11 Comments leave one →
  1. January 6, 2010 1:05 pm

    I’m away from home right now and so can’t write much on this tiny phone keyboard… but until I can write more, thanks for bringing up these important issues, Kelly.

  2. January 6, 2010 3:44 pm

    I can definitely relate and look forward to reading the book. I’m more ambivalent than ever about my own volunteer and non-volunteer nonprofit participation over the past decade. And even my giving. When I step back and look at the functions I served or the myths I perpetuated, I see my choices very differently now and I’m pretty sure some of them weren’t the best ones to serve the causes I claimed to care so much about.

  3. January 6, 2010 4:50 pm

    Kelly, thanks for this well-written, thought-provoking post. I’d never considered the non-profit angle, but it does make sense.

  4. January 6, 2010 5:09 pm

    I’ve been meaning to get my hands on that book for quite a while. Now it’s moved up in priority! Great post. And I love your freudian slip! :D

  5. January 7, 2010 2:11 am

    Great post!! I need to get Nathan’s book. I forgot about it. Love the Colbert photo!!
    This subject doesn’t need to be so much about welfare vs animal rights or whatever…But its important to point out how the large groups have hurt the momentum of animal rights as a serious issue. It’s really quite tragic.
    I just interviewd Gary Francione today on my blog Vegan Sanctuary and we talk about this same exact issue and angle. I’m hoping the animal sanctuary supporters who go to my blog will at least look into some of these ideas and angles as well…. especially the ones who supported Prop 2 in California.
    Thanks.

  6. January 7, 2010 12:21 pm

    Smith traces the rise of the NPIC back to the ’60s and ’70s – so it’s somewhat difficult for me to imagine what a more cooperative, egalitarian model might look like, since all I’ve ever seen is business as usual.

    Well, scratch that. In the wake of Hurricane Katrina, a number of animal rescue groups and individual rescuers – locally and nationally – pulled together to form a collaborative, grassroots movement. In addition to animal rescue, they developed a lasting, mobile infrastructure to facilitate rapid response in emergency situations. Looking in from the outside (and perhaps things were/are different on the ground), there seemed to be no small degree of cooperation, sharing of resources, etc. – at least between the smaller groups (HSUS, not so much).

    Thanks for the comments, all!

  7. January 13, 2010 3:38 pm

    “Monopoly building and idol worship are harmful and self-destructive.” Well said, Kelly. It’s amazing how subtle, or not so subtle, the pull of these forms of pride and self-centeredness can be even when approaching the issue from a faith-based perspective and context. My work with Not One Sparrow finds its home in the Christian community, and I constantly have to remind myself that God is as interested in building a unified and loving community as he is an indenpendent advocacy effort. Thanks again for an excellent post – Ben D.

  8. January 15, 2010 7:50 am

    Hmm, I skimmed through that stuff about Faye on the Mutts ‘n Stuff site, and I gotta say, she should have been euthanized.

    Surgery is violence. And Faye had several surgeries before she ended up passing away. Animals cannot give consent.
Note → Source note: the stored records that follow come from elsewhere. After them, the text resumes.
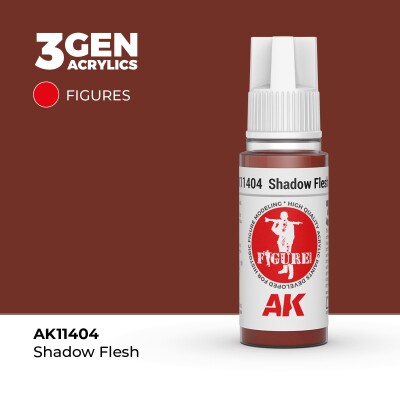 Акриловая краска SHADOW FLESH – ТЁМНАЯ КОЖА FIGURE АК-интерактив AK11404 детальное изображение Figure Series AK 3rd Generation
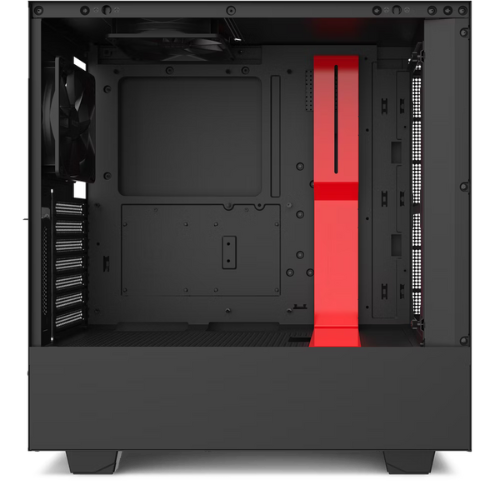 NZXT H510I MID TOWER CASE - MATTE BLACK RED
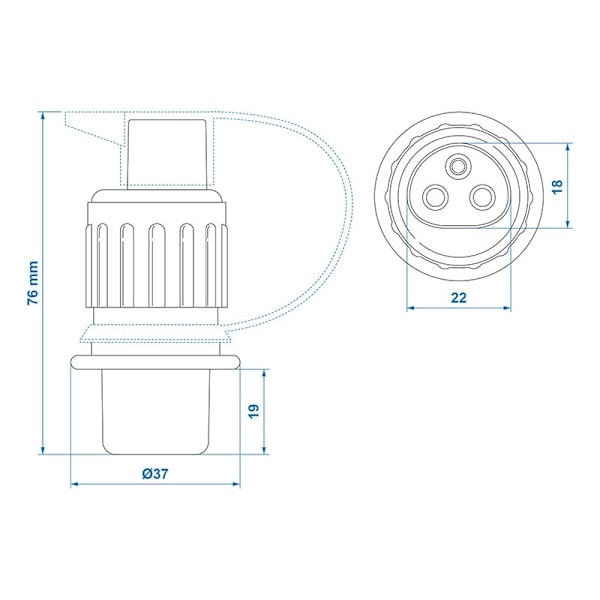 Plugg 3-polig PVC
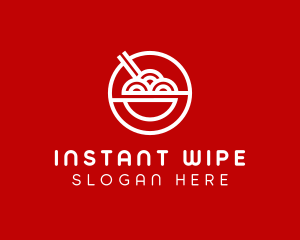 Ramen Food Stall Restaurant logo design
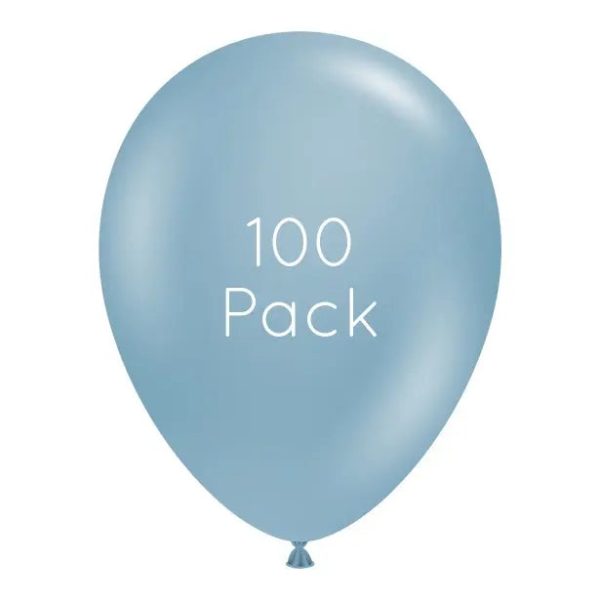 Blue Slate Balloons - 100 Pkt Online now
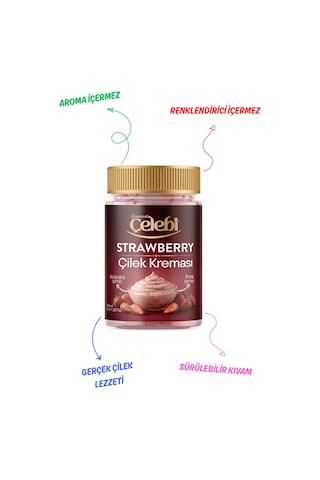 Çilek Kreması 320 Gr - Sürülebilir Gerçek Çilek Kreması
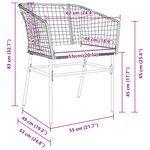 vidaXL Ensemble de salle à manger de jardin de 5 pièces avec coussins en poly rattan noir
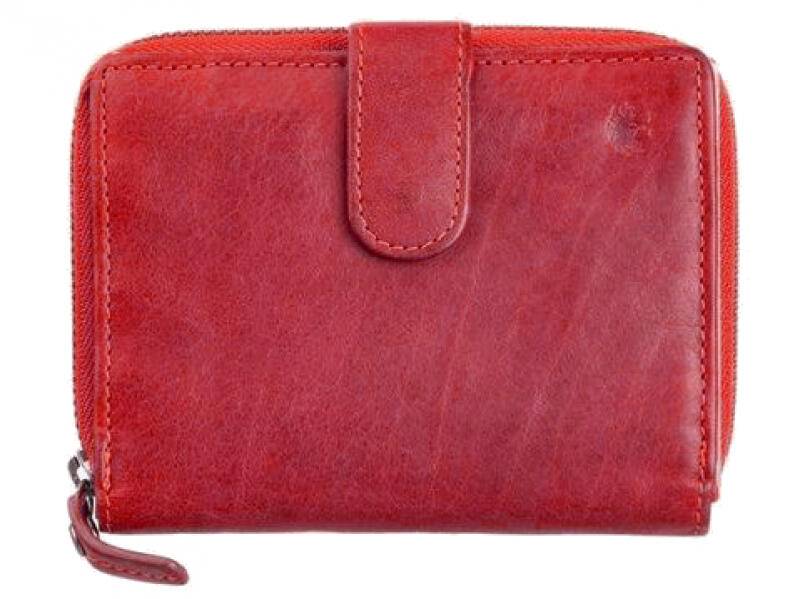 Prato - Prato LM Shahid RV-Börse mit RFID echt Rindleder rot Rot von Prato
It is wrong to make animals fight b/c they cannot consent to being used in that manner, but it is also wrong to subject an animal to several invasive, risky, painful medical procedures as well. Faye did not consent to those surgeries anymore than she consented to be used for dog fighting.

    Medicine is institutionalized violence and in the name of doing good, consent is overlooked time and again. Sure, Faye cannot consent to be euthanized anymore than she can consent to multiple surgeries, but which one will cause the least amount of pain?

    Besides that, where did the vet who performed her surgery learn those techniques? Veterinary school, where they routinely get animals from shelters and repeatedly violate them (again, without consent).

    • January 15, 2010 8:04 am

      Can’t we interpret an animal’s will to live – however measured – as consent? (I’m not arguing this specifically in Fay’s case, just in general.)